Department of Pharmaceutics and Pharmaceutical Technology, Faculty of Pharmacy, Universitas Padjadjaran, Jl. Raya Bandung Sumedang Km 21, Indonesia
Email: arif.budiman@unpad.ac.id
Received: 11 Apr 2021, Revised and Accepted: 29 May 2021
ABSTRACT
Objective: This study aims to prepare sterile gel containing aloe vera (AV) powder and evaluate its physicochemical properties after sterilization by gamma radiation.
Methods: The gel was prepared using carbomer as stabilizer, and sterilized by gamma radiation. The physical stability was evaluated including organoleptic, pH, viscosity and sterilization. Furthermore, malic acid concentration was determined as a marker compound contained in the gel.
Results: The gel was successfully prepared containing 20% AV powder and 25% carbomer. The physical properties including organoleptic, pH and viscosity were not significantly changed after sterilization, and also stable even after 28 storage days.
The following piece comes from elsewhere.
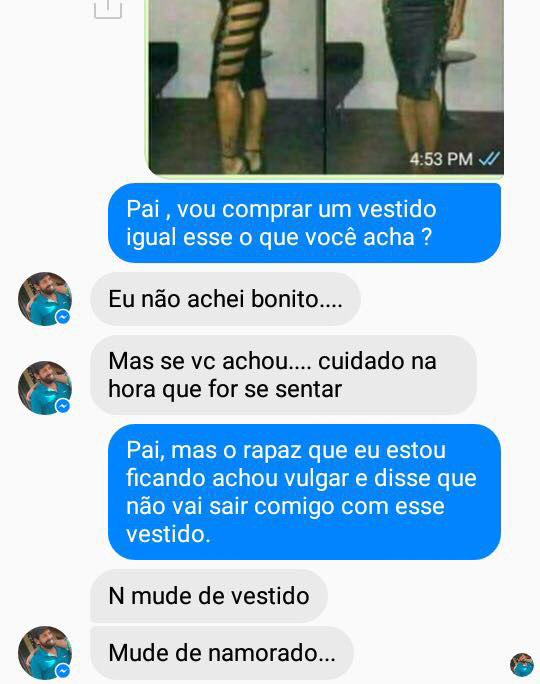 relacionamentos-abusivos pai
Meanwhile, malic acid concentration before and after sterilization were 47.2 mg/ml and 43.9 mg/ml, respectively. This showed the physicochemical properties were not significantly different after sterilization.
Conclusion: Gamma radiation is suitable to sterilize gel containing AV powder.
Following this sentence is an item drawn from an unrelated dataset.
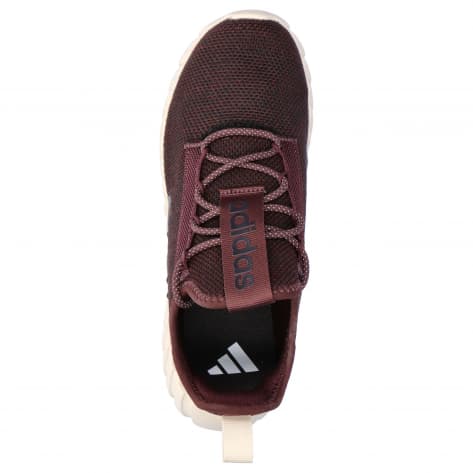 adidas Kinder Sneaker KAPTIR 3.0 K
Keywords: Gamma radiation, Gel, Aloe vera
© 2021 The Authors. Published by Innovare Academic Sciences Pvt Ltd. This is an open access article under the CC BY license (https://creativecommons.org/licenses/by/4.0/)
DOI: https://dx.doi.org/10.22159/ijap.2021v13i4.41771. Journal homepage: https://innovareacademics.in/journals/index.php/ijap
Hydrogel have been used in many pharmaceutical fields such as drug delivery systems, tissue engineering, and wound dressing [1]. This is due to its structural feature and permeability, which increased its use in various fields including ophthalmology and dentistry. Furthermore, it has the ability to hold water, showing soft and rubbery-like consistency, as well as low interfacial tension [2]. Also, hydrogel is used as sterile formulation. Several sources are used for its preparation such as chitosan, cellulose, gelatine, and poloxamer [3]. Therefore, choosing the right hydrogel is needed to approach a new drug formulation [4].
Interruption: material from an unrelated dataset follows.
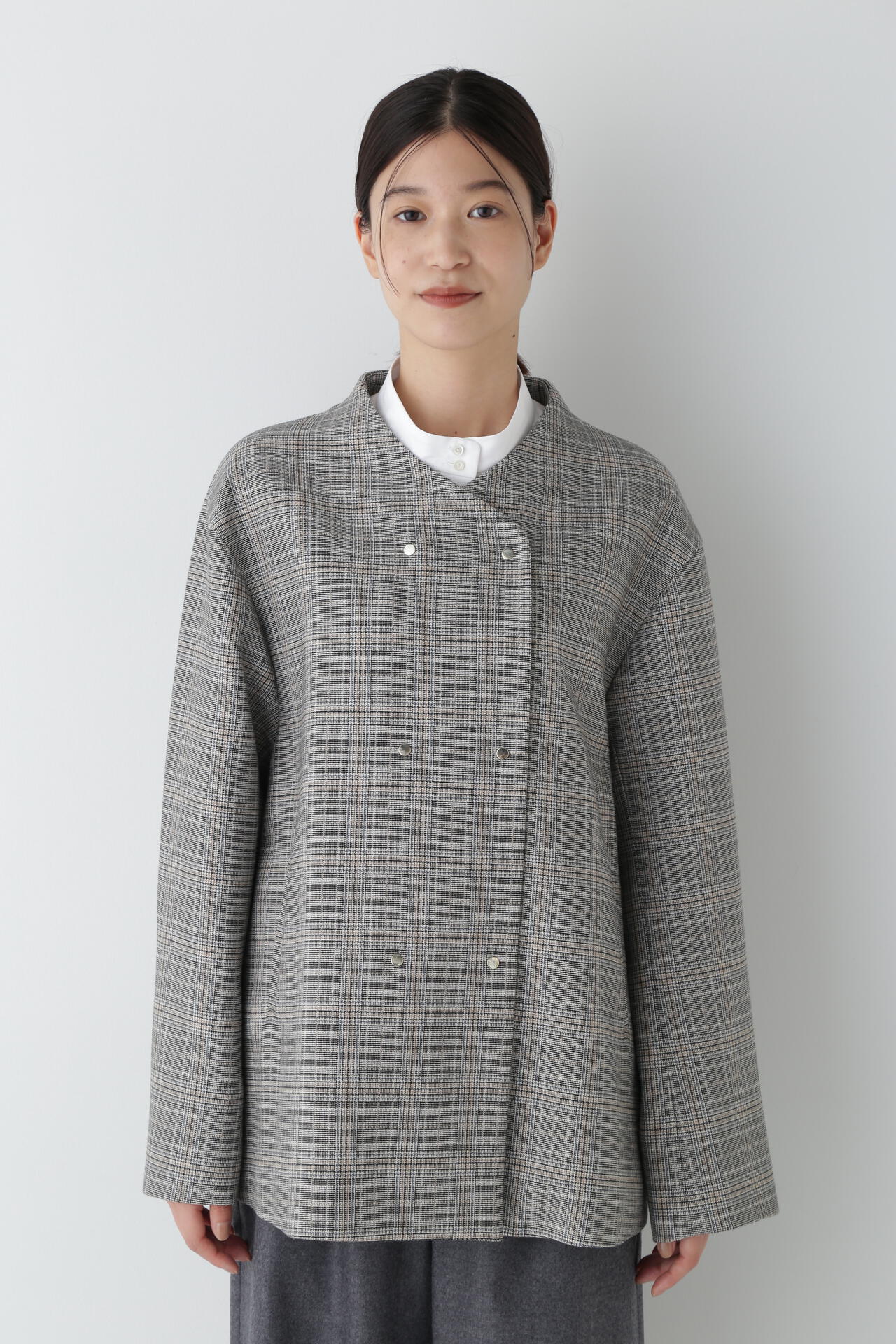 83006181-4b5f-5b7b-803e-a3ea0a64aa4f_Image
Carbomer is an acrylic acid derivative, which is the most widespread type of gelling agent in the technology of medicinal formulations. These polymers are characterized by different ranges of concentrations used for many purposes including emulsification and suspending abilities, as well as rate of gel formation [5]. When dispersed in water, carbomer disperse quite well and forms viscous suspension at pH 2.8–3.2 [6]. Meanwhile, the mechanism of gel formation using carbomers is based on neutralization, leading to acids conversion to the corresponding salts, therefore, alkali addition is necessary [7, 8]. The carbomer gel can be sterilized by several methods including gamma radiation [6].
This terminal radiation method has been used for many years in sterilization process of pharmaceutical products [9]. Furthermore, it is very convenient because it can be used to the final product container without any significant increase in temperature [10, 11]. This method is suitable for products which cannot withstand heat, steam sterilization or thermosensitive solid-state drugs. This is because it is a cold method with high sterility assurance level, which makes the accuracy dose of gel easily controlled [12-14]. Therefore, this method is simpler and more environmentally friendly compared to conventional [15].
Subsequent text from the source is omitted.